BEGIN TASK DATA

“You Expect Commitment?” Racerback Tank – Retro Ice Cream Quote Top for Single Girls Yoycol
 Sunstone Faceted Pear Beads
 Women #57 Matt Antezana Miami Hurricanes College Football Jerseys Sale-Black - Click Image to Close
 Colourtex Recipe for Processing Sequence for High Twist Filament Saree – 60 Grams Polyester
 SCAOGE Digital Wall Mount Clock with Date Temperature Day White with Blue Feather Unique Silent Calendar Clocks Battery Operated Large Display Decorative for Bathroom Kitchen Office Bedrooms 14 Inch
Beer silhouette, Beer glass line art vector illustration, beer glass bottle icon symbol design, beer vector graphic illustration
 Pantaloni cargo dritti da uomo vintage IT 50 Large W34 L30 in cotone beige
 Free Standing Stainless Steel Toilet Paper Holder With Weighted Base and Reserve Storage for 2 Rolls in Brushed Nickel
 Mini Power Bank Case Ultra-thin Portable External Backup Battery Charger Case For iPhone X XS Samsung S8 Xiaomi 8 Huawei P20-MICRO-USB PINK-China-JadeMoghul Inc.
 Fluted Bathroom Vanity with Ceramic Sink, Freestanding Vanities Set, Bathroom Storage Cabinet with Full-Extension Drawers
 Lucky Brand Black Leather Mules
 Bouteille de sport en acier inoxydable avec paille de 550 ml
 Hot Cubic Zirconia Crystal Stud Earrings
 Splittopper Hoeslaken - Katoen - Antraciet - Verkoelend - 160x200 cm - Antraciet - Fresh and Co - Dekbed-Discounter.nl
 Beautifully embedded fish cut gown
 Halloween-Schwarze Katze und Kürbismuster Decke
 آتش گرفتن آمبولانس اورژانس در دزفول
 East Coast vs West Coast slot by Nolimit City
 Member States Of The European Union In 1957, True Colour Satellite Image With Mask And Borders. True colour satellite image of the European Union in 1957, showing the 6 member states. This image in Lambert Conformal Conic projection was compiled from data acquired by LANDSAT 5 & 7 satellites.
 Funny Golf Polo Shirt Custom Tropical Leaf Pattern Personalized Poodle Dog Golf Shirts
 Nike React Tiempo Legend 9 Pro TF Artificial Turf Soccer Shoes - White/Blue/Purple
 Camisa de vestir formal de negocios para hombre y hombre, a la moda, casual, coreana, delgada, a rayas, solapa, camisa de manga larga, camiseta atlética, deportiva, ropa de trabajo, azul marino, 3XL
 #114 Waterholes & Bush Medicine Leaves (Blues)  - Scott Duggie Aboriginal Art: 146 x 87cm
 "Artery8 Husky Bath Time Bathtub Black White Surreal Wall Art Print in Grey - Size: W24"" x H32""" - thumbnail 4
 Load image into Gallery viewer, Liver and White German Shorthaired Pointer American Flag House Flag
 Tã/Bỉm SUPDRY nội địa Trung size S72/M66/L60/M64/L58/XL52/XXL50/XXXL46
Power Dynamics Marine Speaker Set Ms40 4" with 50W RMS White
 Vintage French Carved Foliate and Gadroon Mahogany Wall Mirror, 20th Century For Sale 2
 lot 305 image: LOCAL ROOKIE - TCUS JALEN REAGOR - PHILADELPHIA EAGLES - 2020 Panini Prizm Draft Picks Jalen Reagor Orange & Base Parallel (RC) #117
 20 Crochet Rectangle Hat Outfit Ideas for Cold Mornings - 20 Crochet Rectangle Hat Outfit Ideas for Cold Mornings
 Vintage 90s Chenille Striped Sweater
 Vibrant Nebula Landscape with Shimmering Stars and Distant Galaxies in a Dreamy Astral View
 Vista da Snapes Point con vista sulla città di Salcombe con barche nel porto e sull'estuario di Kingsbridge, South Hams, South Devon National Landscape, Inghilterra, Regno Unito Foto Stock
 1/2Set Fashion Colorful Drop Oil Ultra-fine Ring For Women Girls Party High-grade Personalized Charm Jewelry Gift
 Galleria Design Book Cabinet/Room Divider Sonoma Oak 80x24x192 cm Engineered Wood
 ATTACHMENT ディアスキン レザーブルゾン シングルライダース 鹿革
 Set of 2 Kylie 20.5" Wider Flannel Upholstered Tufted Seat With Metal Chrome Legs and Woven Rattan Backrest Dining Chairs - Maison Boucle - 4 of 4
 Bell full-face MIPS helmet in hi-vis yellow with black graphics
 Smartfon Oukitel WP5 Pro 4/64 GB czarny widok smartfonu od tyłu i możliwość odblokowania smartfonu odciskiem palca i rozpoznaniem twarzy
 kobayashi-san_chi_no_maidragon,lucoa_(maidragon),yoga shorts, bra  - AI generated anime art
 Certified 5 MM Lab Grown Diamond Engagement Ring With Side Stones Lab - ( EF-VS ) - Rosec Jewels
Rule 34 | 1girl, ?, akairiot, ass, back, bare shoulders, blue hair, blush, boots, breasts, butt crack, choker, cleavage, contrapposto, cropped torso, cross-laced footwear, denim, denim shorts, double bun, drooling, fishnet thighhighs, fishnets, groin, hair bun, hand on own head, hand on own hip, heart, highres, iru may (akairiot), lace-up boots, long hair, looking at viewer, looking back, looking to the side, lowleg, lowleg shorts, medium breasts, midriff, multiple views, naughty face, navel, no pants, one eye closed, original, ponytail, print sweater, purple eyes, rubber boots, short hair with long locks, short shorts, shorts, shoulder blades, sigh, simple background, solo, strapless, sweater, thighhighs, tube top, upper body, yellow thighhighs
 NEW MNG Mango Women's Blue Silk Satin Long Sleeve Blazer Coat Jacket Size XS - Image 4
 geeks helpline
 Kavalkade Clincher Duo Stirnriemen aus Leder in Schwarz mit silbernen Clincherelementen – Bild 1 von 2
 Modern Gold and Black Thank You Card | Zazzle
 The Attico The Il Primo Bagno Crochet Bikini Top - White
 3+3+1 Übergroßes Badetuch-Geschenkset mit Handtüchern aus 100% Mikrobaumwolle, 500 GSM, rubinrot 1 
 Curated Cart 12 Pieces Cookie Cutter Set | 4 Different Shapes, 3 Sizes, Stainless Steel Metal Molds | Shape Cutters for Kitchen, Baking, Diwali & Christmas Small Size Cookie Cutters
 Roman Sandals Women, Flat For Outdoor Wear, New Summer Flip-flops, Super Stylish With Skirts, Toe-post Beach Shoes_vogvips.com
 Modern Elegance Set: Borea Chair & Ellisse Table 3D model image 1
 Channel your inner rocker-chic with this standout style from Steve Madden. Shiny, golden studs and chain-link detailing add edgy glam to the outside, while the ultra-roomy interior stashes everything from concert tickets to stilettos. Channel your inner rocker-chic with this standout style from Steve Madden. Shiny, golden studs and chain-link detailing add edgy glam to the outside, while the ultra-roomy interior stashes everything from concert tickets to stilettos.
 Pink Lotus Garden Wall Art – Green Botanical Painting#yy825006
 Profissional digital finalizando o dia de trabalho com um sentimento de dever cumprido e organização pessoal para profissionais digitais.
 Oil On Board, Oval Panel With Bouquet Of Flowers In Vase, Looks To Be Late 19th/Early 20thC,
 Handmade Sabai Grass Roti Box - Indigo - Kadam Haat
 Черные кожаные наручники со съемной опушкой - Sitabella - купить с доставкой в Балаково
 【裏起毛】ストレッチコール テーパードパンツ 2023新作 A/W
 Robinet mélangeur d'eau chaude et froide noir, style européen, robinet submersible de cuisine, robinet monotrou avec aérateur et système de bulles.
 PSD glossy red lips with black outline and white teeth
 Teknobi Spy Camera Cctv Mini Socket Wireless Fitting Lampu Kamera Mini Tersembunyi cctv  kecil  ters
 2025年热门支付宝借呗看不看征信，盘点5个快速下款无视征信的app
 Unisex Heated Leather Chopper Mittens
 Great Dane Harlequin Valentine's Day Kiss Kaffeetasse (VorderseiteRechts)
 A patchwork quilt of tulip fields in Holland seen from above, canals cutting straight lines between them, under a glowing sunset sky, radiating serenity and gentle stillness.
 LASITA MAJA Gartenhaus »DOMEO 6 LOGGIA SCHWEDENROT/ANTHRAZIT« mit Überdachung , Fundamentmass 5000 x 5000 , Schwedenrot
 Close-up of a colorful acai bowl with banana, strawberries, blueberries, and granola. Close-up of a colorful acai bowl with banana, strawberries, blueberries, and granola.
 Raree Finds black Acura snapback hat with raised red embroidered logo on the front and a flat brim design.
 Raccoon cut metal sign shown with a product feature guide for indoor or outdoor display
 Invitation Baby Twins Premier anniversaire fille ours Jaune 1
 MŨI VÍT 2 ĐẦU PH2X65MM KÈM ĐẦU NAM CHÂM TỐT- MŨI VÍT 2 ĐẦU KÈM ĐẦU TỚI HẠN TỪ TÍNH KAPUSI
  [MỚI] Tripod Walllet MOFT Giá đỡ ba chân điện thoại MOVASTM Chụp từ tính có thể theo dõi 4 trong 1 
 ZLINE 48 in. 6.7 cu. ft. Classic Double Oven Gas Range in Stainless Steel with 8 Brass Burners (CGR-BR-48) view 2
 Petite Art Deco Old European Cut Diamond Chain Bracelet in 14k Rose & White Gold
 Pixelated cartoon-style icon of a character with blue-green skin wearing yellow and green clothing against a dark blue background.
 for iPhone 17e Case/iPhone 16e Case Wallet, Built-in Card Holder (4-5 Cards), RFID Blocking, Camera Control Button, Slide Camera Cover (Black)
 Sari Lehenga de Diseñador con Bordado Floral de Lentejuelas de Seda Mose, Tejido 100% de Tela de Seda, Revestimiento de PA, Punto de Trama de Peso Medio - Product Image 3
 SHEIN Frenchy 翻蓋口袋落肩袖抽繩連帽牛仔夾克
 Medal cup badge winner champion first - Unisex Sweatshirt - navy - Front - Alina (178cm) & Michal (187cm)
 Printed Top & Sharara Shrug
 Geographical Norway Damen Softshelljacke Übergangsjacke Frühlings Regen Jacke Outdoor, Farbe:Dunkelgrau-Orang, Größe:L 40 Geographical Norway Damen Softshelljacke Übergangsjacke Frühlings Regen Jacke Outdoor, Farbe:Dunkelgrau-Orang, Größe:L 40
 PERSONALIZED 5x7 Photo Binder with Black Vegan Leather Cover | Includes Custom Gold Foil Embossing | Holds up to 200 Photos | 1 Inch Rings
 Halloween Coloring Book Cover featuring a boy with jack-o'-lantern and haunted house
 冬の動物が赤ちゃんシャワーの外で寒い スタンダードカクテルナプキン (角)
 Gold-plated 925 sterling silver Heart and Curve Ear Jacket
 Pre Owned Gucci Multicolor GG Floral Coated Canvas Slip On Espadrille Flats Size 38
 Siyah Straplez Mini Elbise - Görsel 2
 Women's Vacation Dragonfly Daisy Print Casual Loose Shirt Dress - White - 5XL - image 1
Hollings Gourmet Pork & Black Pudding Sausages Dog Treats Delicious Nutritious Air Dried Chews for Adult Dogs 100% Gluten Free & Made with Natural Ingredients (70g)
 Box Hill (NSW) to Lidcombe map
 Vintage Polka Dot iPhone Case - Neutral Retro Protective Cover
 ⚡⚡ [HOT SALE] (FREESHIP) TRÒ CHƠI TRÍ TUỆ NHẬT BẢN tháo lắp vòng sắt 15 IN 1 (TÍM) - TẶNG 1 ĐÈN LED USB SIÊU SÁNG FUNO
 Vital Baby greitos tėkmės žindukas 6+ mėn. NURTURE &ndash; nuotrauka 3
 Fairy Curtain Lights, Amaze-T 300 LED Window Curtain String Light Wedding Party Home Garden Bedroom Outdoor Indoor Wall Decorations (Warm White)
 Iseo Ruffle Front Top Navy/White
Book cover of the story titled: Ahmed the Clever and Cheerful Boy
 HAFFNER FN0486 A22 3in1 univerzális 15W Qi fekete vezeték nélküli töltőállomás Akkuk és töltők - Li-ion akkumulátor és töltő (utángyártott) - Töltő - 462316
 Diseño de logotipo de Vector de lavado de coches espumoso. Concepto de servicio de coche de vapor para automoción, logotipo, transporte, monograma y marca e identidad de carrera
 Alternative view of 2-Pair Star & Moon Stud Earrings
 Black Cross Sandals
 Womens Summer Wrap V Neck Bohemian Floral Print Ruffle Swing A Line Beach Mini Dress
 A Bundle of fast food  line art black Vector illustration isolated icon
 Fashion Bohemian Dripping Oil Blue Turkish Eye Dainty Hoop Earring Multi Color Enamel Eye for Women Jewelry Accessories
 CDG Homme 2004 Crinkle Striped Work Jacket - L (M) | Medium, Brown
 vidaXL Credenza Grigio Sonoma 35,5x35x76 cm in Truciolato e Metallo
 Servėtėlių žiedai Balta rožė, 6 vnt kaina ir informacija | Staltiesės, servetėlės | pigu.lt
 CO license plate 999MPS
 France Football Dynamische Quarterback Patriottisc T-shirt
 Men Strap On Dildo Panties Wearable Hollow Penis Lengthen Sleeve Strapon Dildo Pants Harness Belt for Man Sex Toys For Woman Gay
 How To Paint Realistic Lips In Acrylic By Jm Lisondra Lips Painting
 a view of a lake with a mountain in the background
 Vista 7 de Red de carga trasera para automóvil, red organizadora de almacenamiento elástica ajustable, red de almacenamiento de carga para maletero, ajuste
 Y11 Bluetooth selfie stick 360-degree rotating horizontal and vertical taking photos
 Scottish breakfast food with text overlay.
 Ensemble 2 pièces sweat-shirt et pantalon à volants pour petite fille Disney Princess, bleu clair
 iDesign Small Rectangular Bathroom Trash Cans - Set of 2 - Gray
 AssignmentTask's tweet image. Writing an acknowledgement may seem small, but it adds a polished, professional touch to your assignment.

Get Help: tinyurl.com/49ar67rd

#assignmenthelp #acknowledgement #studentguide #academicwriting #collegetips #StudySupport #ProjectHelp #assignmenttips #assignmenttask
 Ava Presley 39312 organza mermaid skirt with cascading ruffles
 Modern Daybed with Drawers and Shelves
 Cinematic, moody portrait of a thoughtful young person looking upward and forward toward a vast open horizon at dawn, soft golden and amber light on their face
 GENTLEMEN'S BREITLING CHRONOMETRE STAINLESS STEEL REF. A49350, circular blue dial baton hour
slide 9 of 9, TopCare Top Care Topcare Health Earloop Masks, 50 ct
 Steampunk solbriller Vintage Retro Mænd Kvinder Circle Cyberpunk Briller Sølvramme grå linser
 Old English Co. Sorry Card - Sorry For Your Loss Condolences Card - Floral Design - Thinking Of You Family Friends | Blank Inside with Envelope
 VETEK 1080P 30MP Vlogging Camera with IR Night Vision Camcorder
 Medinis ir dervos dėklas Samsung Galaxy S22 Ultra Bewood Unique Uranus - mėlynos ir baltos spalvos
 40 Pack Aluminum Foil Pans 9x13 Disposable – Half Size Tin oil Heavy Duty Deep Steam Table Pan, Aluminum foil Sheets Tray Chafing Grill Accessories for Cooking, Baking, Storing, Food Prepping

END TASK DATA

* **TASK GOAL**
With the entries above as the source, set down exactly the lines from the one holding "Ava Presley 39312" through the last line, both ends included.

* **TASK ANSWER**
 Ava Presley 39312 organza mermaid skirt with cascading ruffles
 Modern Daybed with Drawers and Shelves
 Cinematic, moody portrait of a thoughtful young person looking upward and forward toward a vast open horizon at dawn, soft golden and amber light on their face
 GENTLEMEN'S BREITLING CHRONOMETRE STAINLESS STEEL REF. A49350, circular blue dial baton hour
slide 9 of 9, TopCare Top Care Topcare Health Earloop Masks, 50 ct
 Steampunk solbriller Vintage Retro Mænd Kvinder Circle Cyberpunk Briller Sølvramme grå linser
 Old English Co. Sorry Card - Sorry For Your Loss Condolences Card - Floral Design - Thinking Of You Family Friends | Blank Inside with Envelope
 VETEK 1080P 30MP Vlogging Camera with IR Night Vision Camcorder
 Medinis ir dervos dėklas Samsung Galaxy S22 Ultra Bewood Unique Uranus - mėlynos ir baltos spalvos
 40 Pack Aluminum Foil Pans 9x13 Disposable – Half Size Tin oil Heavy Duty Deep Steam Table Pan, Aluminum foil Sheets Tray Chafing Grill Accessories for Cooking, Baking, Storing, Food Prepping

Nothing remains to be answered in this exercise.